India’s new anti-satellite missile breaks cover

By Dmitry Fediushko

The Defence Research and Development Organisation (DRDO) of the Indian Ministry of Defence has unveiled the country’s first-ever anti-satellite (ASAT) missile. “The ASAT missile has been developed under the Mission Shakti project. It is designed to engage Low-Earth Orbit (LEO) satellites by kinetic energy in the so-called ‘hit-to-kill’ mode. The system features a low reaction time and the missile can engage and destroy satellites flying at a speed of up to 8 km/s,” said a representative of the DRDO at Defexpo 2020.

The Mission Shakti ASAT three-stage missile is 13 meters long and has a diameter of 1.4 meters, its launch weight being 19 tonnes. It has been fitted with an imaging infrared (IIR) seeker and features a divert altitude control system. During the mid-course flight stage the weapon is guided by an inertial measurement unit with target update functioning mode, while in the terminal stage it is controlled by the IIR seeker. According to the DRDO, the Mission Shakti missile is powered by a solid-fuel engine and features two solid-fuel rocket boosters. “The weapon can engage within 3 minutes a LEO satellite flying at an altitude of 300 km and flying at 10 km/s,” said the developer’s representative.
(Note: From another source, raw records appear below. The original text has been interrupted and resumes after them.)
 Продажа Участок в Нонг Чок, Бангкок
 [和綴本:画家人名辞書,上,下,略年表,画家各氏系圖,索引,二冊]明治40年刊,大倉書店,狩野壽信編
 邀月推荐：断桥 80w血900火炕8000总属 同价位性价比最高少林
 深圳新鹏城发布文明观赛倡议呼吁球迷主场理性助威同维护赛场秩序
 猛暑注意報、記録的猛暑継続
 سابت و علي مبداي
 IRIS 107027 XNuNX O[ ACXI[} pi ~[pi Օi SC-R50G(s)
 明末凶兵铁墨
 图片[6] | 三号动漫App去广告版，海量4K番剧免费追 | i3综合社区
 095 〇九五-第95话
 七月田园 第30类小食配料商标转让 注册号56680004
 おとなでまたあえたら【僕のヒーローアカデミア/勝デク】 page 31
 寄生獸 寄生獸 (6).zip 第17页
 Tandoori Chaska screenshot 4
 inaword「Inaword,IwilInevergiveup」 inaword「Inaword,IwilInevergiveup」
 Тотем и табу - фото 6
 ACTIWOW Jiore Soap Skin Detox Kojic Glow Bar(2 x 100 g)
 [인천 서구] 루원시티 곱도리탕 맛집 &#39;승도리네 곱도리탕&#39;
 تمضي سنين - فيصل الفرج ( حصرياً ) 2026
India conducted the first successful launch of the Mission Shakti missile on 27 March 2019. During the test, the missile destroyed a satellite flying at an altitude of 300 km. “The ASAT technology demonstration ‘hit-to-kill’ mission showcased India’s capability of intercepting and interdicting space-based assets,” said the DRDO’s representative.

At Defexpo 2020 the Mission Shakti ASAT missile is being presented in a self-propelled configuration, mounted on a heavy semi-trailer produced by Indian automotive manufacturers.